Town of Cortlandville
3577 Terrace Road * Cortland, NY 13045 * 607/756-6091
May 29, 2018 Contact: Richard C. Tupper
FOR IMMEDIATE RELEASE 607/756-6091
Town Begins Sports Complex Project
Cortland, NY – Local and state officials gathered May 29 to officially launch Phase 1 construction of the Gutchess Lumber Sports Complex, a $15 million project that when complete will serve as the region’s premier multisport tourism destination.
The $4.5 million first phase will comprise two baseball facilities and related amenities designed for both youth and NCAA play. Later phases will bring in two more baseball fields as well as a series of multipurpose fields accommodating lacrosse, soccer, and more. All of the fields will be constructed with the latest artificial surface technology, making them of greater appeal for tournaments and teams looking for reliable playing surfaces in the typically difficult springtime weather conditions.

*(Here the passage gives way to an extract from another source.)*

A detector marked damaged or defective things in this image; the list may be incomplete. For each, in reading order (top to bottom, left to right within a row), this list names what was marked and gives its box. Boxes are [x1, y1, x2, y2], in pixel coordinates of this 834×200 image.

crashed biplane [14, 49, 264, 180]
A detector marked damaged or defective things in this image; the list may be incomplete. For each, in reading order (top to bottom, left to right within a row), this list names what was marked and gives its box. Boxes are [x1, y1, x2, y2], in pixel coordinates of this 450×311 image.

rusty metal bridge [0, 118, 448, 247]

“This is a major initiative for the town of Cortlandville but the opportunity presented itself thanks to a great partnership with Gutchess Lumber Company,” said town supervisor Richard C. Tupper. “Job one was finding the right location, and thanks to the Gutchess family we were able to do that.”

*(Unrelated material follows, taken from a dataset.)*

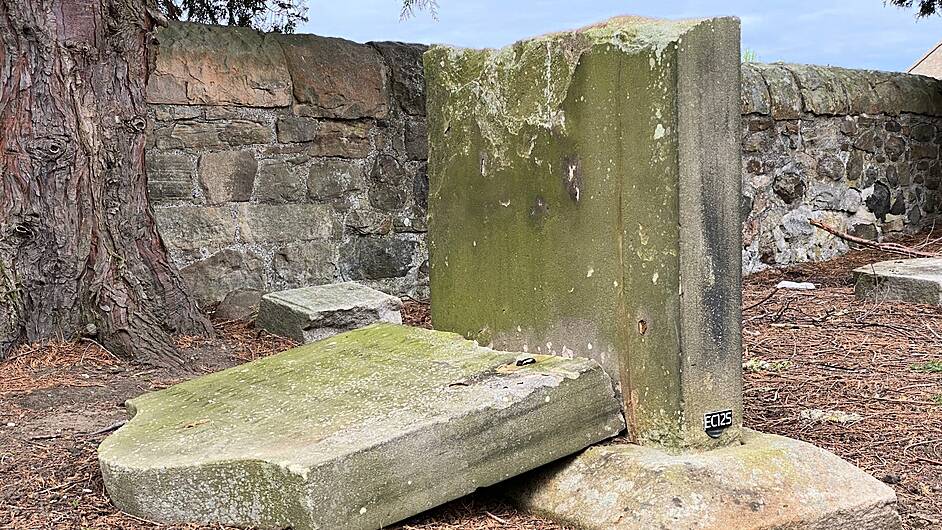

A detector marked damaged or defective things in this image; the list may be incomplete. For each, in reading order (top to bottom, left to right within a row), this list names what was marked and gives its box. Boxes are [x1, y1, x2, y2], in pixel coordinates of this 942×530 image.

broken gravestone [256, 280, 404, 342]
broken gravestone [424, 14, 904, 524]
broken gravestone [860, 256, 942, 304]
broken gravestone [99, 324, 628, 524]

The town and the company essentially swapped parcels, with the town receiving 100 undeveloped acres near the Byrne Dairy Manufacturing facility in South Cortland and the company picking up about six acres adjacent to its facilities that the town had been using as a park and picnic facility.
Funding for the project so far has come from town financing, state assistance through the Central New York Regional Economic Development Council and New York State Sen. Jim Seward, and private support.

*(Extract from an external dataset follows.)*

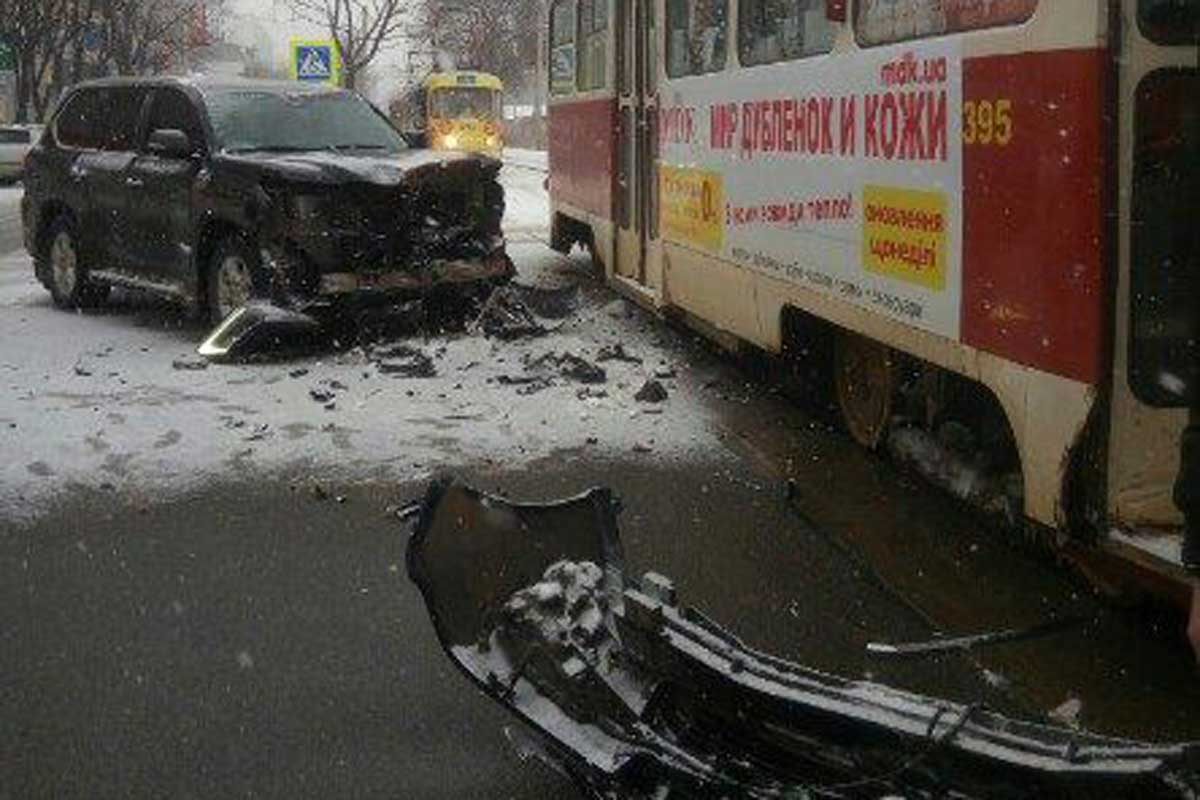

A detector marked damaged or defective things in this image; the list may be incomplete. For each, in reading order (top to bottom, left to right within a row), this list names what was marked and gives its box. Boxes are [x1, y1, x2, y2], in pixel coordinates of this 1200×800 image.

crumpled hood [214, 145, 496, 185]
damaged front bumper [405, 479, 1200, 796]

When complete, the events at Gutchess Park will largely rely on the efforts of the Cortland Regional Sports Council, which over its 12-year history has lured dozens sports related events and championships to the community, including the state Senior Games. The overall economic impact of those events total more than $25 million.
“We’re not new at sports tourism,” said Garry L. VanGorder, the county’s chief economic development officer and president of the CRSC board. “This presents us with a great new opportunity to drive the local economy forward.”